Ray-tracing program for reconstruction of tropospheric delays in geodesy, written in Fortran.
RADIATE is a ray-tracing software written in Fortran. Ray-traced delays can be calculated for observations in the microwave as well as in the optical frequency range. The computation is based on numerical weather models and the output files contain several tropospheric parameters
VieVS Ray-tracer (RADIATE)
Copyright (C) 2018 Daniel Landskron
This program is free software: you can redistribute it and/or modify it under the terms of the GNU General Public License as published by the Free Software Foundation, either version 3 of the License, or (at your option) any later version.
This program is distributed in the hope that it will be useful, but WITHOUT ANY WARRANTY; without even the implied warranty of MERCHANTABILITY or FITNESS FOR A PARTICULAR PURPOSE. See the GNU General Public License for more details.
You should have received a copy of the GNU General Public License along with this program. If not, see http://www.gnu.org/licenses/.
RADIATE is run from the Linux command line (Terminal).

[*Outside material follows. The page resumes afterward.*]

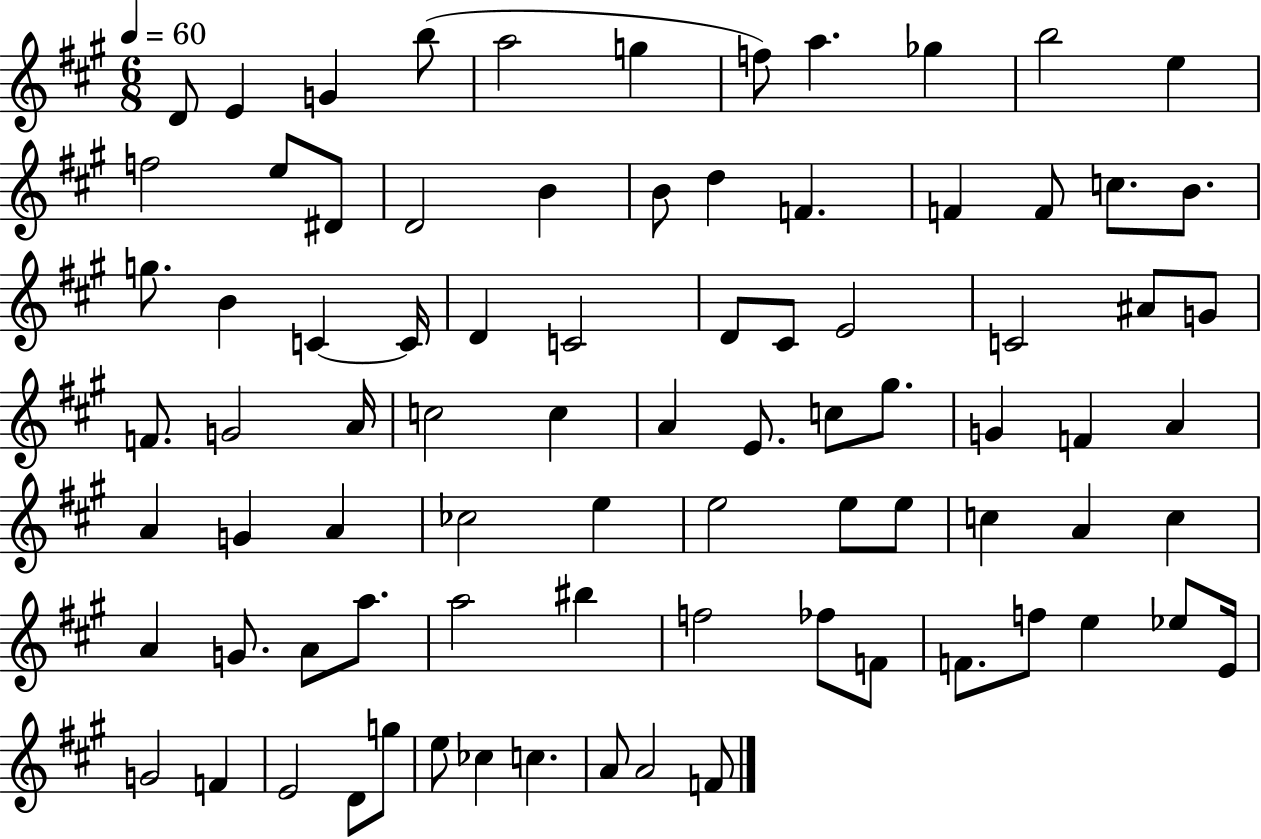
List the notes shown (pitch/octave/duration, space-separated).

D4/e E4/q G4/q B5/e A5/h G5/q F5/e A5/q. Gb5/q B5/h E5/q F5/h E5/e D#4/e D4/h B4/q B4/e D5/q F4/q. F4/q F4/e C5/e. B4/e. G5/e. B4/q C4/q C4/s D4/q C4/h D4/e C#4/e E4/h C4/h A#4/e G4/e F4/e. G4/h A4/s C5/h C5/q A4/q E4/e. C5/e G#5/e. G4/q F4/q A4/q A4/q G4/q A4/q CES5/h E5/q E5/h E5/e E5/e C5/q A4/q C5/q A4/q G4/e. A4/e A5/e. A5/h BIS5/q F5/h FES5/e F4/e F4/e. F5/e E5/q Eb5/e E4/s G4/h F4/q E4/h D4/e G5/e E5/e CES5/q C5/q. A4/e A4/h F4/e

To compile the software, the gfortran 5 compiler (or newer version) needs to be installed.
RADIATE is an independent software package of VieVS.
The source code is hosted at two git repositories:
https://github.com/TUW-VieVS/RADIATE.git (public)
https://git.geo.tuwien.ac.at/vievs/RADIATE/RADIATE.git (inside TU Vienna GEO Domain)
For installation, the following steps are required:
$ mkdir RADIATE$ cd RADIATE$ git clone https://github.com/TUW-VieVS/RADIATE.git
After installation, unzip DATA/UNDULATIONS/global_undulations_dint_lat0.125_dint_lon0.125.txt.zip, but make sure to exclude the unzipped file from any commit!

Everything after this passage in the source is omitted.